For scalability and performance, files written to Scratch use a progressive file layout in which at certain size boundaries different types of storage or more storage targets overall are recruited to storage parts of a file.
Automatic File Purging
Scratch is not a persistent storage location for users data. Scratch provides a 90 day grace period after a file was last written to before the file is removed automatically from the file system.
Parameters of the automated file purge
Only files under ~/koa_scratch/ or /mnt/lustre/koa/scratch/${USER} will be subject to purge
Files and folders not modified for *90 days* will be deleted from scratch
The purge process will run daily
The process cannot be paused for individual users and files that are removed cannot be recovered
In the case the file system still does not drop below the 85-90% threshold, ITS-CI will contact users who have large occupancy of the scratch to voluntarily reduce their usage and/or purge files from oldest to newest until we have gotten back below 70% usage of scratch.
Details
Scratch, or more specifically, Koa Storage utilizes Lustre with ZFS as its underlying file system. For transport to Koa, it also utilizes RDMA using multiple servers all connected at 200Gbit Infiniband. The ZFS components are setup to provide the same zstd-3 compression seen on the home file system providing space savings and in some cases faster access to file as you are needing to read less data from slower storage medium. The underlying storage system utilizes a mixture of spinning enterprise hard drives (HDD) and Solid State storage, (SAS SSD and NVMe).
Meta Data
Meta data is stored in separate targets from the files data, which for performance reason is entirely using Solid State Drives. The meta data is split up among multiple targets, which are then served out by different servers. In case of a server failure, “failing-over” the storage to another server is possible allowing for minimal down time. Each folder is assigned to one of the Meta Data storage targets and all files under it are also assigned to that target. Load balancing is done in some cases to try and balancing the different meta data targets so they do not grow too out of sync size wise.
Object Data
Object data is stored is storage on a mixture of spinning enterprise hard drives, SAS Solid State Drives and NVMe. Of the current storage (7 PB), about 1/7th of Koa’s object data storage is either SAS SSD or NVMe.

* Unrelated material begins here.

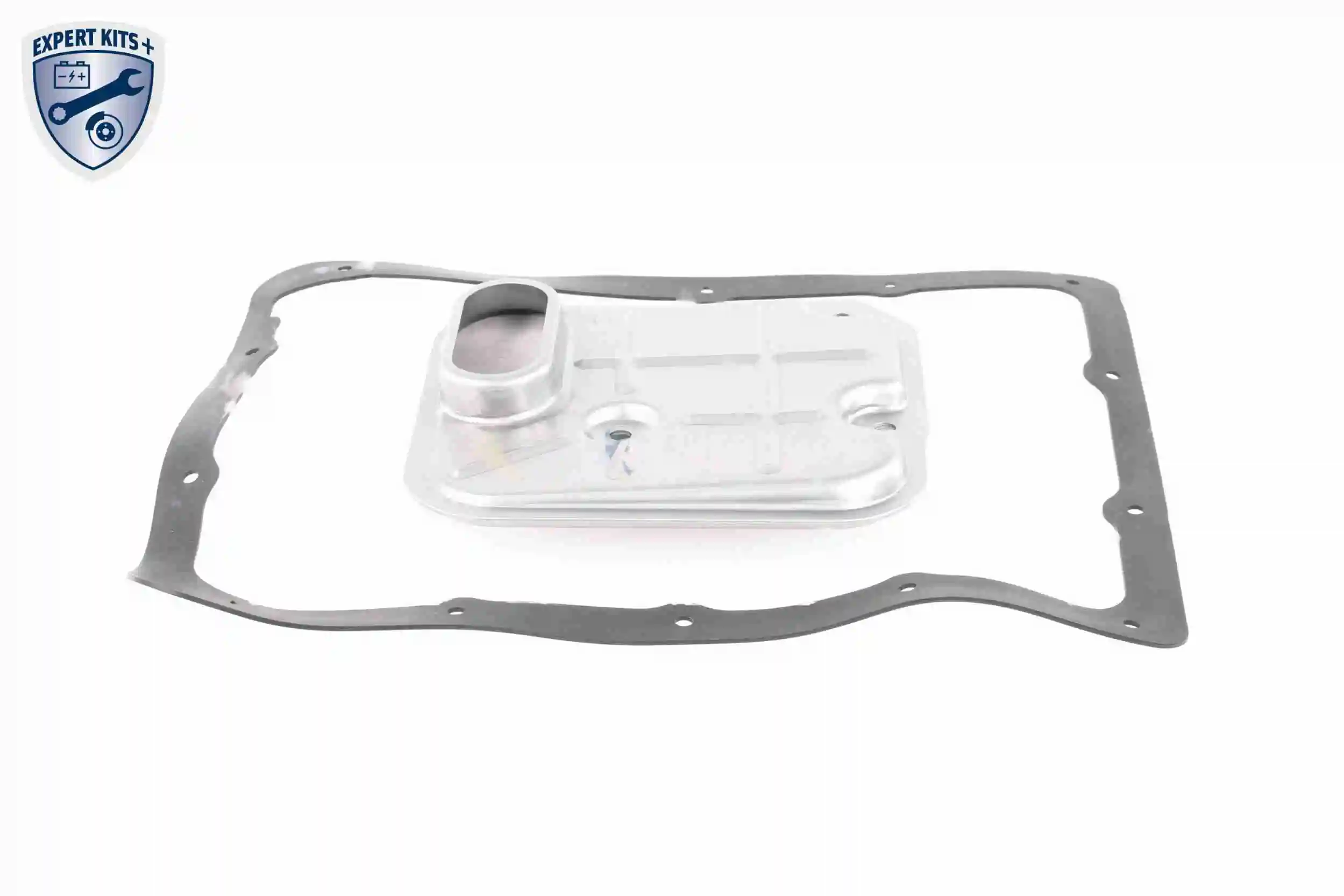 Set filtre hidraulice cutie viteze automata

Storage targets are split up into different configurations providing at least a 2 disk parity. Current Koa has 58 Object Storage Targets, of which 10 targets are SAS SSD or NVMe.
Object Data is written to Scratch using a progressive file layout used for scratch is currently setup to follow the following rules:
The first 512K of every file is written to some form of solid state storage (SSD or NVMe)
Next, file data up to 64MB is written to a single HDD target
Next, file data up to 512MB is written to two HDD targets in 4 MB stripes
Next, file data up to 1 GB is written to four HDD targets in 4 MB stripes
Finally, any remaining data for a file is written to eight HDD targets in 4 MB stripes
File system | Total Storage | Max Files and Directories | Compression | Persistent |
---|---|---|---|---|
Lustre + ZFS | 800 TB | 400,000,000 | zstd-3 | No (90 day purge) |
...